Il monito dei filosofi di guerra giusta, così come sovente accade per le loro dottrine, può inizialmente apparire severo e distaccato: afferma che in guerra l’uccisione accidentale dei civili nel corso delle ostilità non è condannabile, sebbene sia proibito colpire la popolazione in maniera diretta e volontaria. Gli ordinamenti internazionali in materia di guerra hanno da sempre confermato questo principio, ribadendone la validità nella Convenzione dell’Aia, nelle varie formulazioni della Convenzione di Ginevra e da ultimo nello Statuto del Tribunale Penale Internazionale Permanente in vigore dal 2002. Nel concreto, si stabilisce dunque come il bombardamento di un’abitazione civile in cui si sospetta si nascondano terroristi non è mai giustificabile, ma si può colpire un campo di addestramento delle loro milizie. Se in quest’ultimo sono presenti accidentalmente donne o bambini innocenti, andrebbero adottate precauzioni per evitare di arrecare loro danno, sebbene si tratti di “precauzioni” appunto, non di norme stringenti di cui si può esigere il rispetto: l’azione in sé, la morte o il ferimento non previsto dei non combattenti, resta comunque non sanzionabile.
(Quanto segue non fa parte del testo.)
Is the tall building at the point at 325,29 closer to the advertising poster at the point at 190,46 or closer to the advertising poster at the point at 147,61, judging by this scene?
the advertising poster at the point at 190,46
All’interno del dibattito per una strategia condivisa per uno Stato di diritto, la pace e la sicurezza in Afghanistan, il richiamo fondamentale della just war theory in materia di guerra si dimostra quanto mai appropriato: l’intenzionalità dell’azione conta sempre. La filosofa britannica Elisabeth Anscombe ha affermato che se l’obiettivo dell’offensiva militare include un numero consistente di bersagli civili, l’attacco è illegittimo, un omicidio per cui i responsabili devono essere puniti: è la mancanza di scrupolo nel considerare alternative che lo rende tale. Allo stesso modo, Michael Walzer -forse il più grande filosofo politico di guerra giusta vivente- sostiene che se un’azione militare implica necessariamente la morte o il ferimento di gran parte della popolazione civile, è doveroso intraprendere azioni alternative per raggiungere lo stesso risultato. Possono esservi rischi (e costi) più alti nell’adottare, ad esempio, un’azione di guerriglia di terra invece che bombardare semplicemente dall’alto una postazione di difesa nemica. Tuttavia, afferma categoricamente Walzer, i soldati non possono mai accrescere la loro sicurezza a spese di donne e uomini innocenti, siano essi appartenenti al proprio paese o al fronte nemico: l’essere soldato implica dei rischi, ed in quanto appartenenti ad un corpo militare che si impegna per la pace e la sicurezza nel mondo, questi sono esattamente i rischi che l’Occidente deve essere disposto a correre.